Below you will find a map of land use in Baltimore city to compare to my maps of PM 2.5. Keep in mind that the most recent available land use data is from 2010.

I created an IDW using Average Annual Daily Traffic (AADT) data from 2018. The highest traffic, and presumably the highest pollution areas, are the white and gray spots. Notice how small and distributed these hot spots can be.

Finally, I created a map of the density of Baltimore census blocks as of the 2010 census.

The map below shows areas that we would expect to be hotspots of air pollution based on several factors that are known to be correlated with partculate matter pollution: traffic, population density, and land use. Each individual factor was mapped, and then classified into weights.
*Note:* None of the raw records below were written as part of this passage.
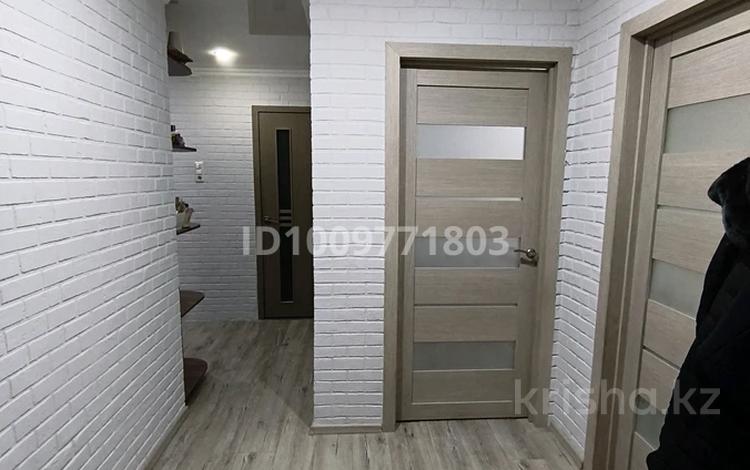 3-комнатная квартира · 63.9 м² · 5/5 этаж, Победы за 22.5 млн ₸ в Петропавловске — фото 2
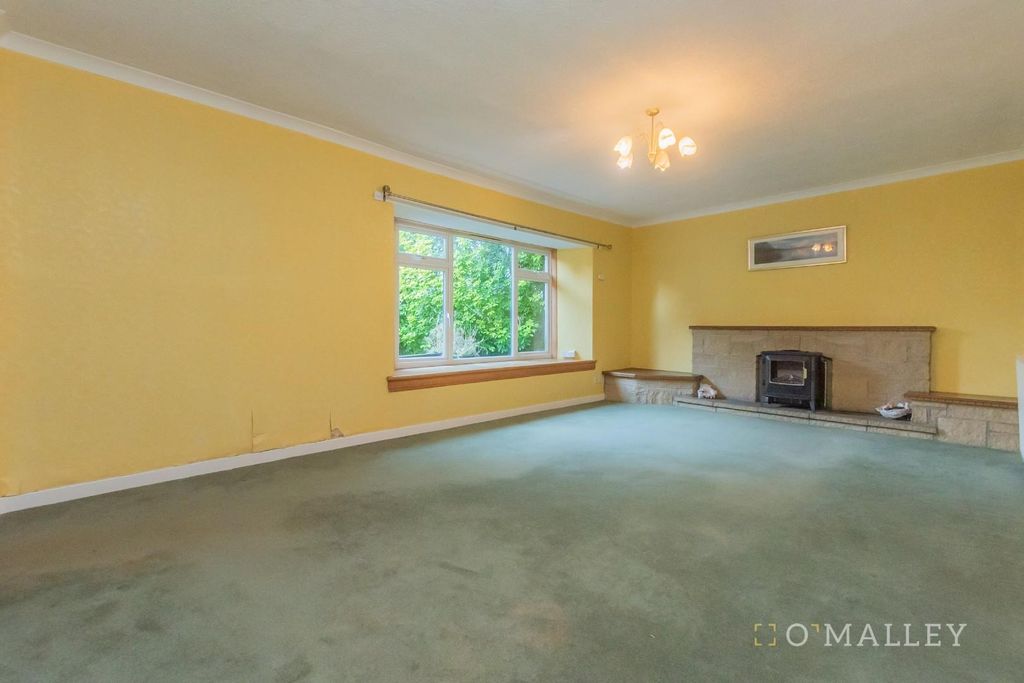 Property photo 2 of 12 Living Room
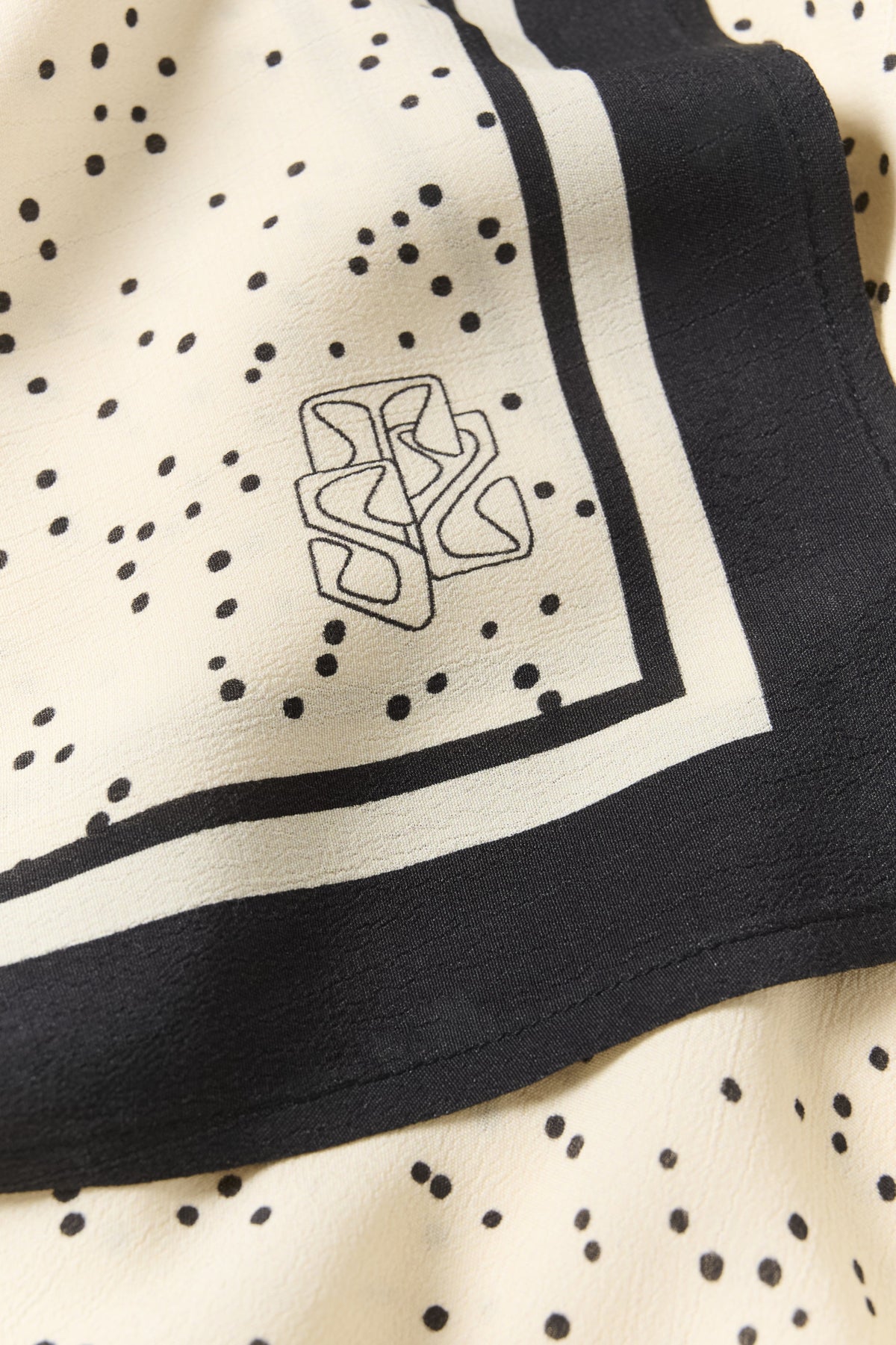 Foulard Priscilla - Saint Tropez | Noir et crème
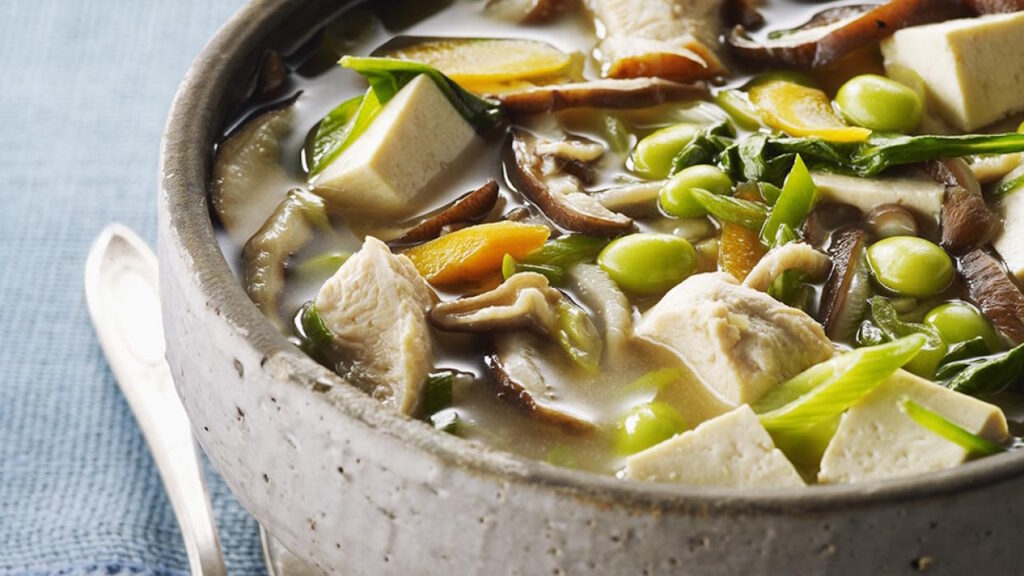 Soupe miso aux légumes et tofu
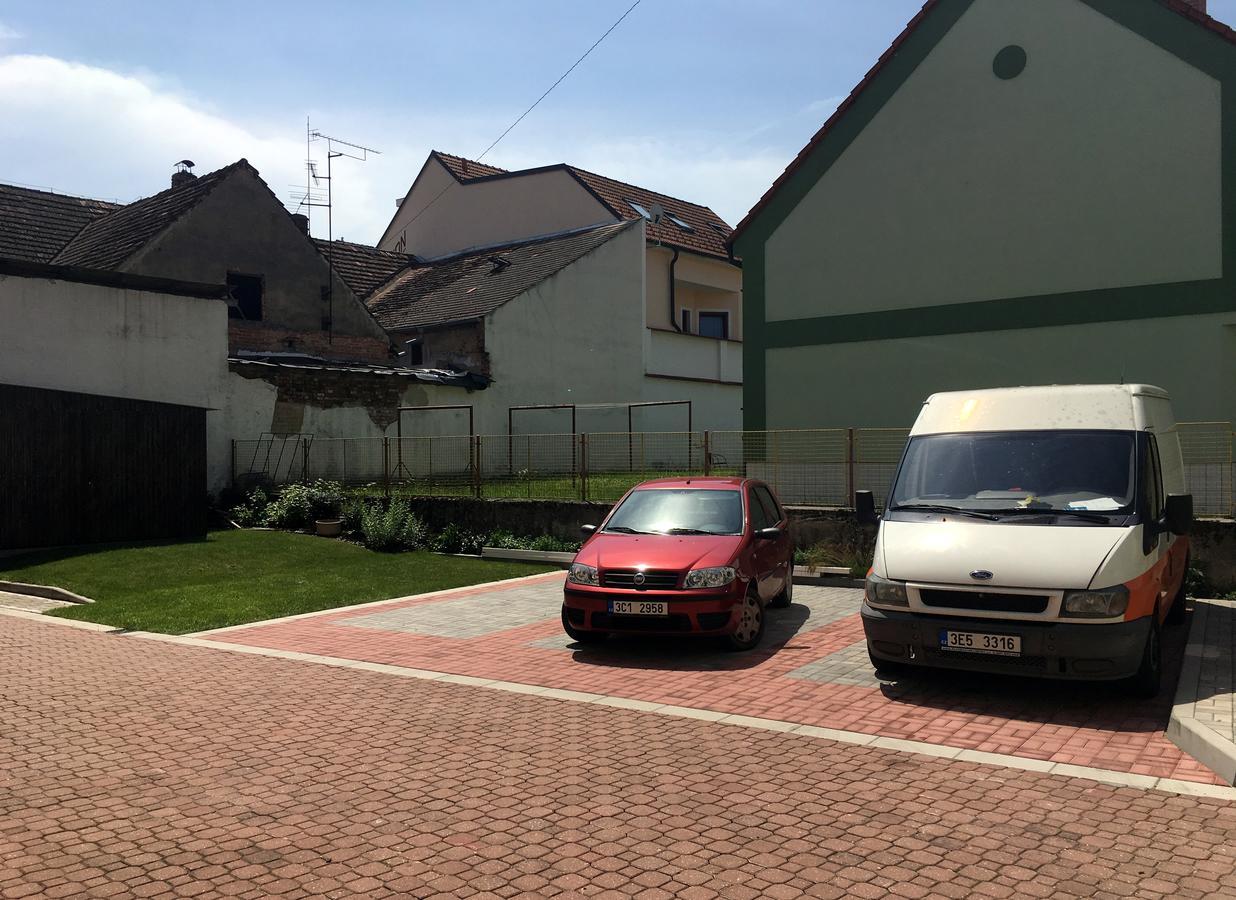 Apartmany Na Sadech Třeboň Εξωτερικό φωτογραφία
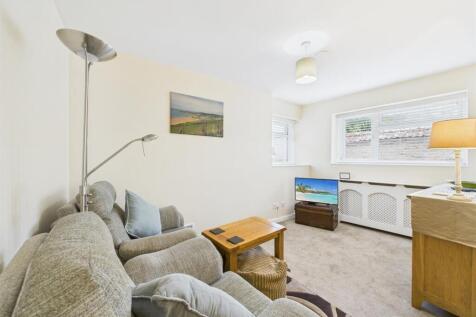 Enginefield Living room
Each land use factor was weighted from 1 (low impact use) to 8 (highest impact use). Roadways were given a buffer of 100 m, a common distance used to predict the areas of high particulate pollution from car exhaust, and then classified into weights of 1-4 by quantile based on AADT of 2018. Density was classified into weights of 1-4 by quantile based on 2010’s census density. All three vector layers were converted to rasters, and then multipled together using the raster calculator to create the map of expected hotspots below. These are only three of the known factors that contribute to air pollution, and although the weights are basically arbitrary, I think this map gives a good idea of how much air quality can vary within small distances.


Next Steps

Create a land use regression to obtain more accurate coefficents for each contributing factor.

This project was completed using R and QGIS.